# Need Campground Help Asap



## hoodscoop (Mar 29, 2012)

Want to go to Deep Creek Lake in July. Anybody got a name of a good CG near or at the lake?


----------



## RDS (Jul 20, 2011)

hoodscoop said:


> Want to go to Deep Creek Lake in July. Anybody got a name of a good CG near or at the lake?


That's on my list of places to go, but have not been yet.

Read some great reviews of the state park.

http://www.dnr.state.md.us/publiclands/western/deepcreek.asp

http://www.reserveamerica.com/camping/Deep_Creek_Lake_State_Park/r/campgroundDetails.do?contractCode=MD&parkId=380522

Where are you in MD?


----------



## hoodscoop (Mar 29, 2012)

I am from Frederick, and thanks for the two web sites. I will review them and hope to book something this weekend. Hope it's not to late.


----------



## hoodscoop (Mar 29, 2012)

OOPS! Nothing available for a 35 footer until August at Deep Creek. I am kinda new to this reservation thing and am starting to realize that you need to book months in advance, at least for the good places. OH WELL!


----------



## RDS (Jul 20, 2011)

hoodscoop said:


> I am from Frederick, and thanks for the two web sites. I will review them and hope to book something this weekend. Hope it's not to late.

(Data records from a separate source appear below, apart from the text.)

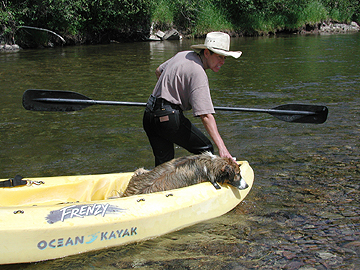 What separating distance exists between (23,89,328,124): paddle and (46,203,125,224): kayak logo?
190 centimetres

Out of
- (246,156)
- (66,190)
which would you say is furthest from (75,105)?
(246,156)

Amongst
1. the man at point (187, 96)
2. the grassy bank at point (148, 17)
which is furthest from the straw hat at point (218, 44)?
the grassy bank at point (148, 17)

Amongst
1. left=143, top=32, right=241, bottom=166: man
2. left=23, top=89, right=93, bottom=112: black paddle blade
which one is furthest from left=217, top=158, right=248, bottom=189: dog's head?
left=23, top=89, right=93, bottom=112: black paddle blade

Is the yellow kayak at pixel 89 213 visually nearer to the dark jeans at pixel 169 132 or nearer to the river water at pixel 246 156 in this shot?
the river water at pixel 246 156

Yeah we book most trips six months to a year out.

We will be in your area July 27-29th at Cunningham Falls State Park, Manor area sites 6 & 10. Feel free to stop by.


----------



## hoodscoop (Mar 29, 2012)

RDS said:


> I am from Frederick, and thanks for the two web sites. I will review them and hope to book something this weekend. Hope it's not to late.


Yeah we book most trips six months to a year out.

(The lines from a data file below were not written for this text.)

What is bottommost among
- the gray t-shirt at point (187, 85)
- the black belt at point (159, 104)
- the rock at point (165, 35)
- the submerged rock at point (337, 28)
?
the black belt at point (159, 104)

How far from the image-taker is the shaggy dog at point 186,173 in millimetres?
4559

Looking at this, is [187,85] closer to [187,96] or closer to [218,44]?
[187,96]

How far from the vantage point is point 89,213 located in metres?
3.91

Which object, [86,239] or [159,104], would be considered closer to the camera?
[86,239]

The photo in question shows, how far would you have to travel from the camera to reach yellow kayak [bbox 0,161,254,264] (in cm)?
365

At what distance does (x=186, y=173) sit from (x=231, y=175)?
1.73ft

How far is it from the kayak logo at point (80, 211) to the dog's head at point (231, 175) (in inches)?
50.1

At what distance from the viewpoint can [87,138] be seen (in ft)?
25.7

We will be in your area July 27-29th at Cunningham Falls State Park, Manor area sites 6 & 10. Feel free to stop by.
[/quote]

Don't know if Southern MD got it too but storm took out my Comcast which is my internet. Just got up about an hour ago. Anyway, might just do that. Falls is only a stones throw away. Might drop by with a couple cold ones, if that's OK?


----------



## RDS (Jul 20, 2011)

hoodscoop said:


> I am from Frederick, and thanks for the two web sites. I will review them and hope to book something this weekend. Hope it's not to late.


Yeah we book most trips six months to a year out.

We will be in your area July 27-29th at Cunningham Falls State Park, Manor area sites 6 & 10. Feel free to stop by.
[/quote]

Don't know if Southern MD got it too but storm took out my Comcast which is my internet. Just got up about an hour ago. Anyway, might just do that. Falls is only a stones throw away. Might drop by with a couple cold ones, if that's OK?
[/quote]

I was with out power for a day and cable for 3 days..

Hope to see you in July and there will be plenty of cold ones in the cooler if you forget yours!!


----------